→ **Exercise requirements**: Nothing but the lines from the one with "Peach organic t-shirt" through the final line of the entries should appear in the answer, copied exactly and without pictures.

→ **Listed entries**:
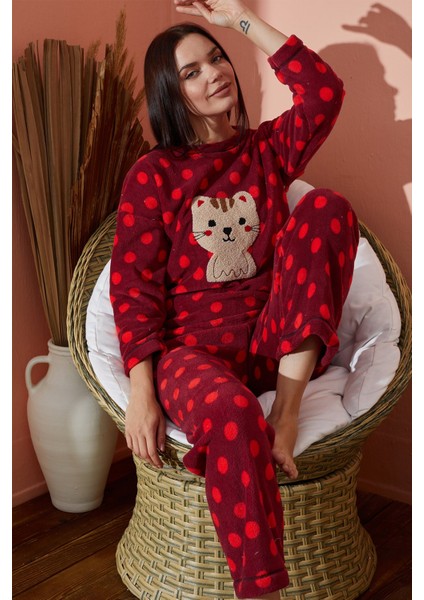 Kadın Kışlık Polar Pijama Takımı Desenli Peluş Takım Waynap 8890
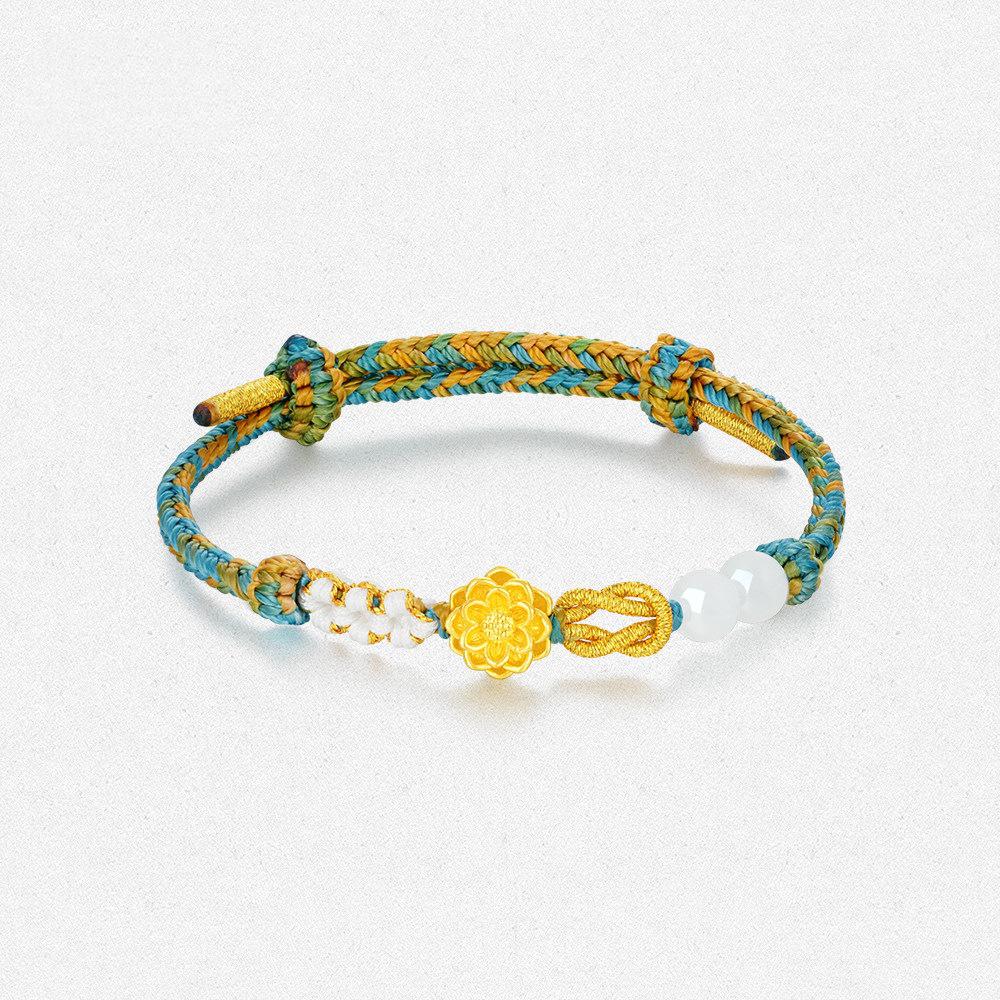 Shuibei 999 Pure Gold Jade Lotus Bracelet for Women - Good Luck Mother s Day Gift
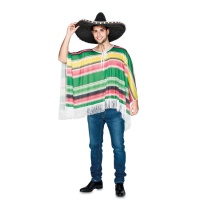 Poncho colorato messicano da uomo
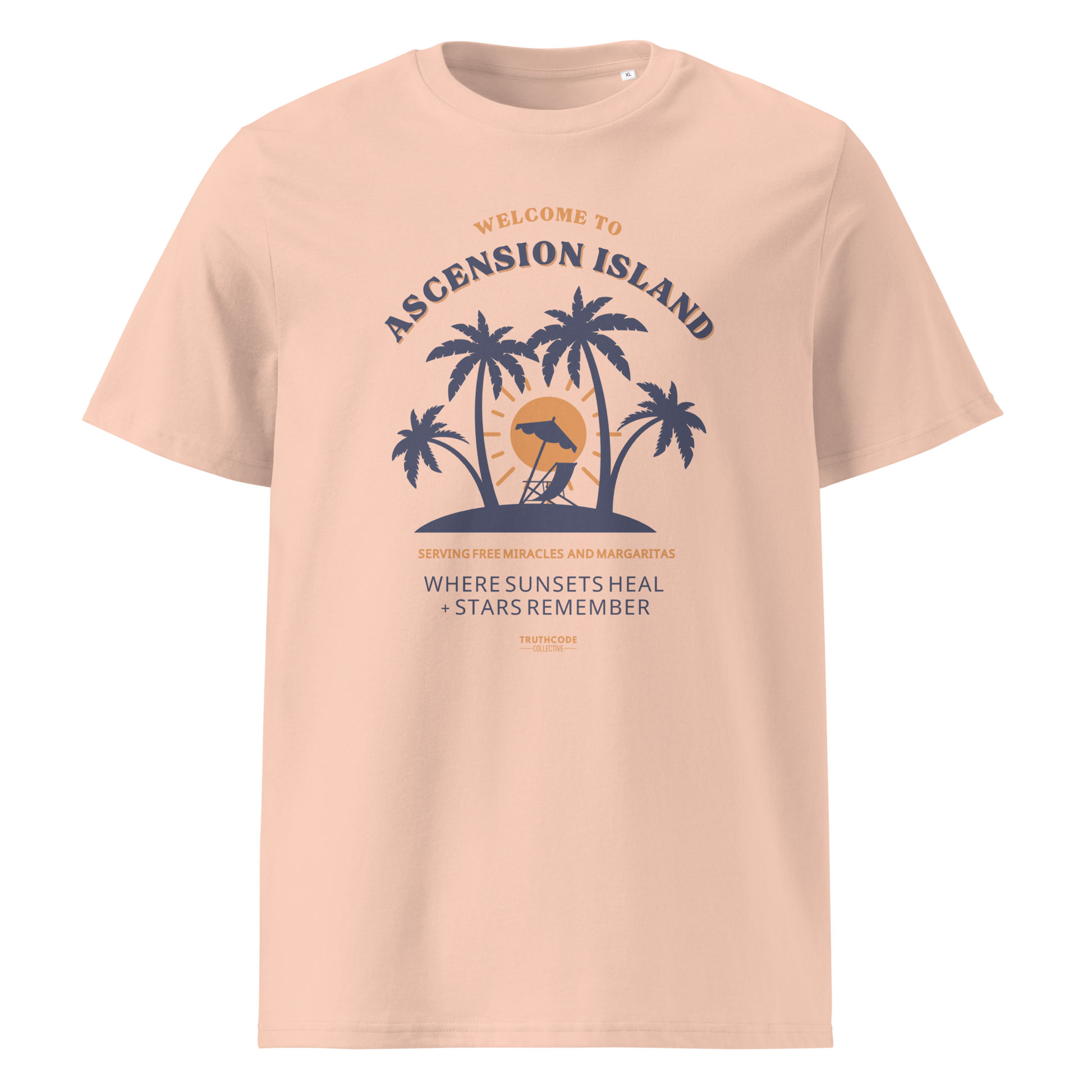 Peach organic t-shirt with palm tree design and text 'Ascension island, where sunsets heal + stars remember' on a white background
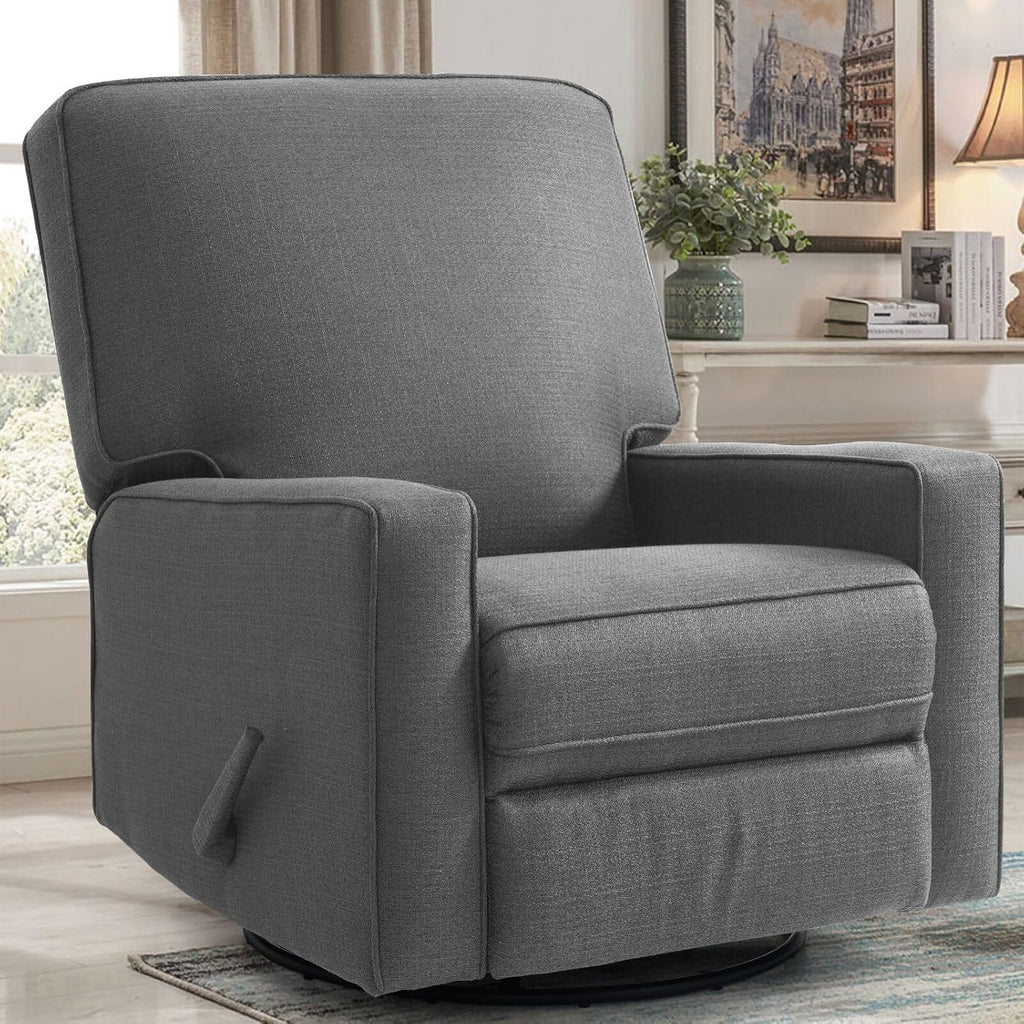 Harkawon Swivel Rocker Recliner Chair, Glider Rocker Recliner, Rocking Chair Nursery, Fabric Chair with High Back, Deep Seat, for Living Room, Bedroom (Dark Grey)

→ **Finished exercise**:
 Peach organic t-shirt with palm tree design and text 'Ascension island, where sunsets heal + stars remember' on a white background
 Harkawon Swivel Rocker Recliner Chair, Glider Rocker Recliner, Rocking Chair Nursery, Fabric Chair with High Back, Deep Seat, for Living Room, Bedroom (Dark Grey)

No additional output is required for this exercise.